[Opening Data supplied section]

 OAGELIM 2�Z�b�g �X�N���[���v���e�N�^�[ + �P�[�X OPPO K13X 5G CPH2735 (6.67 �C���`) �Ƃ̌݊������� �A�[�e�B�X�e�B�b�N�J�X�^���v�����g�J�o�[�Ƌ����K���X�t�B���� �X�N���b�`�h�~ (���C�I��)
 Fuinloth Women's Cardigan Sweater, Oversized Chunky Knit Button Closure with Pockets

[Closing Data supplied section]
[Opening Data supplied section]

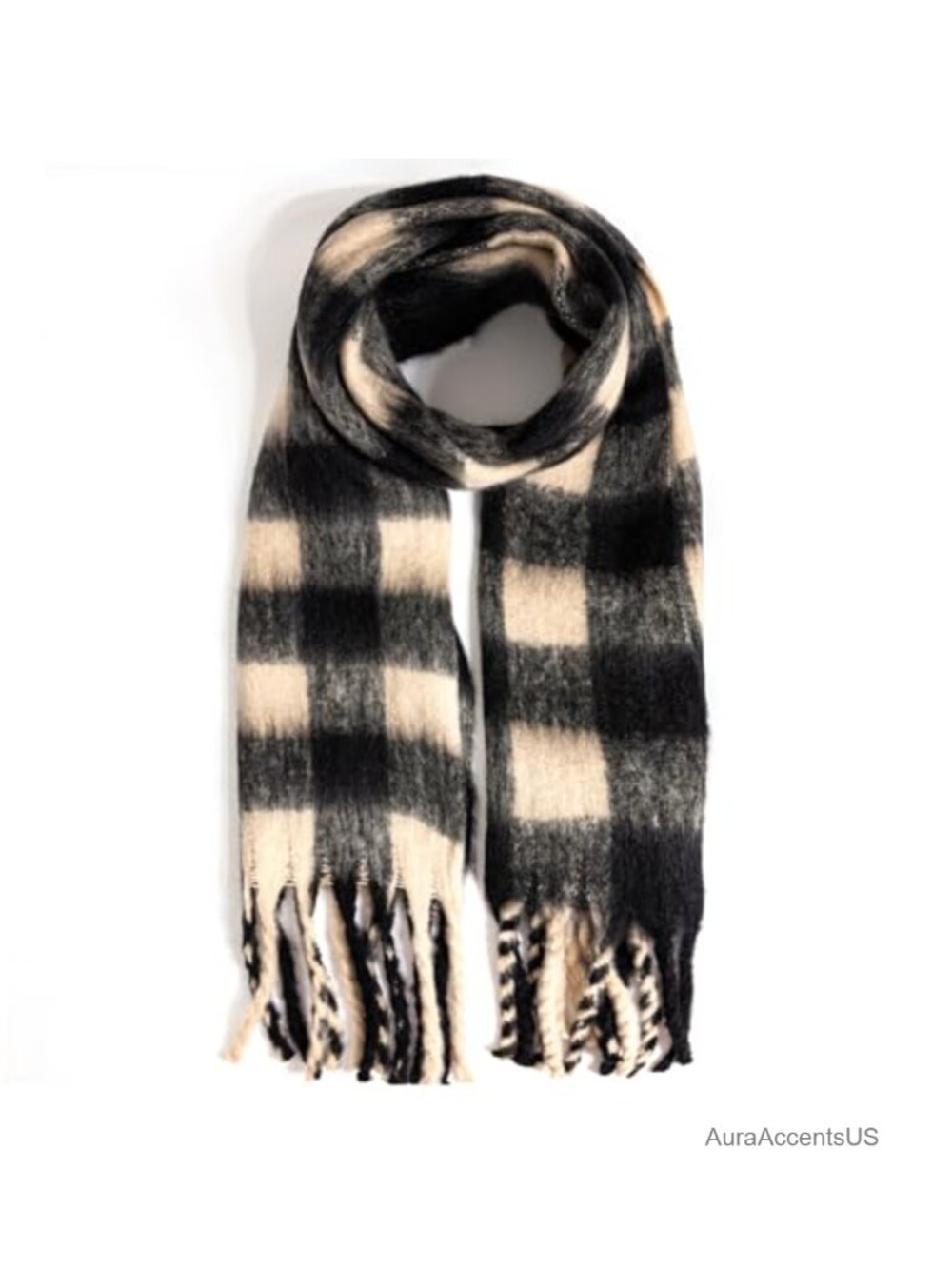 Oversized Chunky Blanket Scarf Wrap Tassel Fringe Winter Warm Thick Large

[Closing Data supplied section]

- [Your objective]:
Of the entries above, transcribe exactly those lines that fall between the line containing "OAGELIM 2�Z�b�g �X�N���[���v���e�N�^�[ +" and the line containing "Fuinloth Women's Cardigan", together with those two lines.

- [Solution]:
 OAGELIM 2�Z�b�g �X�N���[���v���e�N�^�[ + �P�[�X OPPO K13X 5G CPH2735 (6.67 �C���`) �Ƃ̌݊������� �A�[�e�B�X�e�B�b�N�J�X�^���v�����g�J�o�[�Ƌ����K���X�t�B���� �X�N���b�`�h�~ (���C�I��)
 Fuinloth Women's Cardigan Sweater, Oversized Chunky Knit Button Closure with Pockets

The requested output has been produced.